208 - Hollywood Undead

Do you know what’s hype? Rap Rock. Do you know what’s not? Lip-syncing.

207 - 2 Chainz

Do you know what’s even less hype than lip syncing? Walking on stage and not rapping while three of your own songs play in the background. Mr. Chainz’s power move is the only reason he ranks ahead of the Undead.

206 - Panic! At the Disco [Gym Class Heroes, The Academy Is …]

I am not emo. I don’t understand it. I wear black, but I’m not in love with wearing black. Nobody in the crowd, who all paid to be there, seemed to want to be there. I have nothing a against the bands, but the crowd took emo/sad/somber to new level.

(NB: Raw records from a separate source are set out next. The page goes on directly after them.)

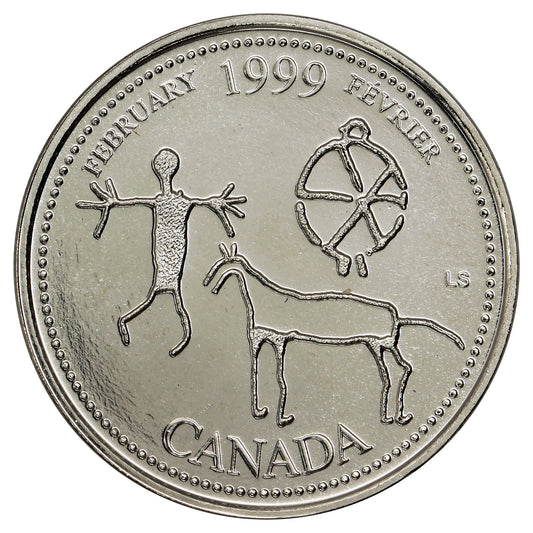 1999 February Canada 25-cents Proof Like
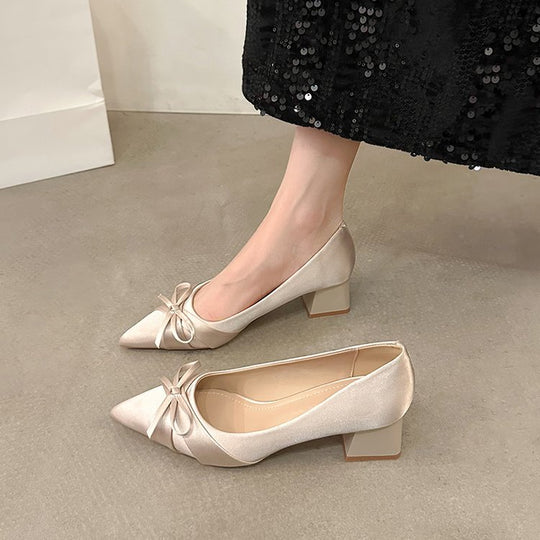 Damen elegante Spitzen High Heels mit dekorativem Schleifenakzent EB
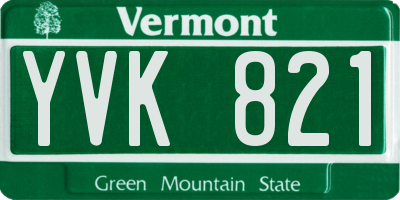 VT license plate YVK821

If the show was held in the basement of an abandoned carnival ride storage warehouse, it would have been a smash.

205 - Kip Moore

The joke about a country music singer and his truck? Well, this guy wrote a song about his truck.

204 - Ani DiFranco

DiFranco released over 20 albums in the last 30 years. The very definition of quantity over quality.

203 - Trey Anastasio

Phish fans unite! But can they not unite for three hours at time?

202 - The Magpie Salute

Speaking of long-winded concerts, a guy brought a tripod recording device. There was also enough incense that an ad orientem priest would have turned around to tell them to tone it the fuck down.

201 - Lil Baby [City Girls, Blueface]

There were more openers than just these two, but at least they had discernible talent that wasn’t Tourettes burbs over a backing track. Blueface tried and failed to promote an after-set meet and greet that was filled with both people who paid for a picture, and those aimlessly wondering where the bathroom was. City Girls reminded me a lot of Ciara’s set when she opened for Ludacris all those years back. And Baby? The crowd loved him. To death. As in, some of the crowd wanted to fight to the death. One girl was about to curb stomp another so hard that her shoe flew off. 10/10 would work his show again.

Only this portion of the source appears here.